Opérant un rapide demi tour, il avait compris qu'elle s'était approché de lui grâce à son ouie si fine de vampire, et attrapant la gorge de la vampire de sa main, il la plaqua contre le mur à la vitesse de l'éclair. Une bougie s'éteint sous le choc. La vampire gémit sous le pouvoir du vampire qui était décuplé par la colère qu'il éprouvait, par les sentiments contradictoires qui s'affrontaient en lui. Il exerçait tout son pouvoir sur elle, l'immobilisant ainsi et se pencha vers la nuque de la vampire il la déchira de ses dents et bu son sang. Lorsqu'elle tenta de lui échapper, il attrapa ses mains pour la plaquer un peu plus contre le mur. Ce geste aurait pu paraître sensuel, mais c'était une simple humiliation. Pour un vampire servir de nourriture à un autre vampire c'était de la pure humiliation. Peu à peu elle cessa de lutter, car le sang qui coulait en lui était puissant, tellement puissant, qu'il s'en galvanisait. Finalement, épuisé par l'effort fournit, il la relâcha. Elle resta hébété, la main plaquée contre sa blessure qui disparaîtrait en quelques secondes. Elle le foudroyait du regard. Comment avait-il pu oser ?

- Pourquoi n'es-tu pas avec lui ? A quoi rime cette invitation, ce petit jeu ?

- J'avais besoin de prendre l'air. Ton frère n'est pas... c'est compliqué. Il m'aime bien sûr, mais... c'est de ma faute.

- Tu ne l'aimes pas ? C'est ça que tu essaie de me dire ? Alors tu m'invite en espérant faire de moi ton nouveau jouet, c'est cela ? Combien d'homme transforme tu ainsi en vampire pour t'en lasser ensuite et passer à un autre ? C'est ainsi que tu prend ton pied ?
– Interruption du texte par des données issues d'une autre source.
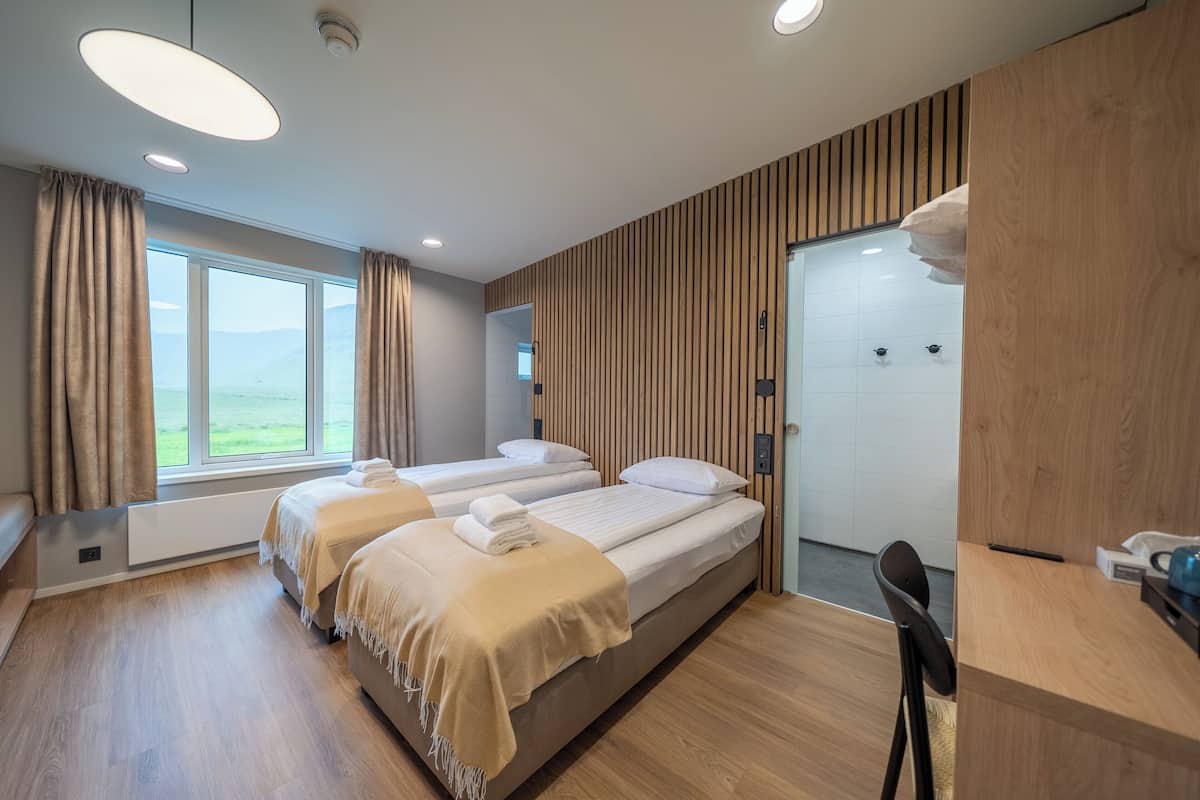 desk, free wifi, bed sheets, wheelchair access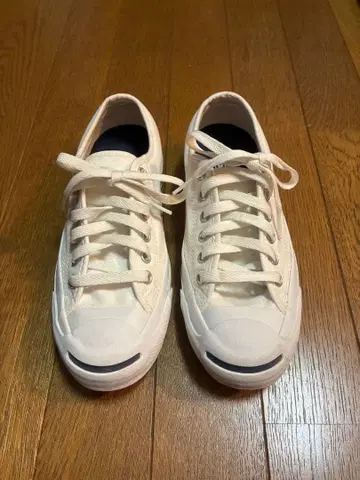 새상품급 Converse Jack Purcell 화이트 가격 인하!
- Non, tu ne comprends pas.

Furieux, Alessandro repoussa violemment la vampire qui tentait de lui prendre la main. Elle le regardait les yeux pleins de larmes, des larmes de sang. Il ignorait ce qu'elle ressentait, et à dire vrai, il s'en moquait. Elle devrait être avec son frère. Alessandro avait pu se passer d'un guide parce qu'il était né pour devenir un vampire, il le sentait au fond de lui-même, mais son frère avait besoin qu'on le guide, qu'on lui apprenne, et c'était à elle de le faire ! Il était si furieux qu'il pourrait la tuer, là, maintenant, mais il n'en fit rien. C'était du dégoût envers lui-même qu'il ressentait, de la colère pour n'avoir rien compris. C'était pourtant évident. Elle ne sortait que la nuit, et son teint était si pâle. Comme cette étrange maladie dont elle prétendait souffrir expliquait miraculeusement tout. Il ouvrit la fenêtre et enfourcha le balcon. Jetant un dernier regard à Camille, il sauta jusqu'au parc pour s'élancer dans le jour naissant, courant à la recherche d'un abri pour la journée entendant les cris de Camille lui parvenir mais il les ignora.

- C'est toi que je veux ! Tu ne comprends donc pas... c'est toi que je veux.